On page 5 they point out that this means that the sort of badly-behaved page that used to make your entire browser crash will now only affect the one tab. This must happen to me about once a day at least: four separate browser windows open, themed for work-related stuff (several pages of documentation from assorted sites), news (Google Reader for scanning, then I open up any interesting stories in their own tabs), mail, and one for anything else; that's twenty or thirty pages all open at once, some of them regularly updating in the background. When a bad page takes down that lot it's annoying and I thank heaven for Firefox's auto-reopen feature. When the bad page is really bad, and Firefox goes down again straight away as soon as it tries to reopen it, that's when I get annoyed.

Pages 9-11 must be putting the fear of God into Microsoft right now. Google are showing off how they can push automated Chrome testing out over their famous distributed server network, testing tens of thousands of web pages per hour [GOOGLE SMACKS MICROSOFT, #3] and making sure that they cover them in order of importance, as indicated by their very own page ranking alogrithm.
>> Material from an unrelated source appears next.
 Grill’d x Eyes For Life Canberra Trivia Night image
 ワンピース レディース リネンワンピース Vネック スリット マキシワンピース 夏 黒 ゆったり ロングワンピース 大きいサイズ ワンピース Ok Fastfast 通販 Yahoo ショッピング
Page 13 is very interesting. They mention no names, but I immediately thought of Adobe's Tamarin VM for Javascript, now donated to Apache. Were they thinking of Tamarin? Did they look at it and reject it, or was it not open source back when they decided to write one themselves? I need to look at the timescale for that more carefully. One thing: Tamarin is built for the version of Javascript that didn't make it into the new standard, and work is apparently under way at Apache to convert it for the version that did. Good luck with that. Google probably thought it was better to start from scratch [GOOGLE SMACKS ADOBE]. And if the boys that did the new Javascript VM are more or less the same ones that did the Dalvik VM for Android, then Google probably thinks it can do a damn good job on its own, and rightly so.
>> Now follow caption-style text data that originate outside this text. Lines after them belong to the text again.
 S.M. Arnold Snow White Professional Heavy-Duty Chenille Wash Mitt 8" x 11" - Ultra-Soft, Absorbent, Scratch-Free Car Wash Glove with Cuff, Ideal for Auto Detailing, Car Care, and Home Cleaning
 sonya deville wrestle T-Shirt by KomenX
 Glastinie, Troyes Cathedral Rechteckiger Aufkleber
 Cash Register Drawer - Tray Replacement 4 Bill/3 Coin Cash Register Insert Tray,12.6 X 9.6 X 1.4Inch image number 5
Interesting also that they are seem to be JIT-compiling Javascript to machine code. That's been a perilous way to go in the past, partly because of what can happen with variables. Javascript variables are untyped, but the values that they hold do have types (number, string, object, ...). Now there's nothing to stop me coding a for-next loop where the value held in some variable used inside the loop changes type on each pass through, and in the past that's either killed efforts to compile Javascript or put serious constraints on the efficiency of the resulting code (by making it have to be too general).
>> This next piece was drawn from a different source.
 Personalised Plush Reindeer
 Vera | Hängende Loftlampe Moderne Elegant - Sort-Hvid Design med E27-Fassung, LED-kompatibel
In this context, it's especially interesting to look at the latest release of the Google Web Toolkit (GWT). GWT you will remember lets you write your web application in Java, a heavy-duty, strongly-typed language, which GWT then "compiles" to Javascript for actual execution in the web page. The release notes for the latest version of GWT noted that this "compilation" phase effectively throws away the valuable type information, in the transformation from typed Java to untyped Javascript, and that in previous releases this negatively impacted performance. But the current release takes advantage of the fact that any Javascript variable in a web page produced by GWT is guaranteed to have come from a typed Java variable! In other words, you can guarantee that that sort of type-bending naughtiness isn't going to happen in a respectable GWT application. So you can do type inference based on the first value of a variable that you see... And then the release notes said that that had led to sundry improvements that were beyond my understanding, because all I could think of was that Javascript was still untyped.

So what's the betting that GWT-produced web applications will run especially well in Chrome, because of the good behaviour of their variables (and, no doubt, for many other reasons way above my head)?

Michael Arrington at TechCrunch says:

Make no mistake. The cute comic book and the touchy-feely talk about user experience is little more than a coat of paint on top of a monumental hatred of Microsoft.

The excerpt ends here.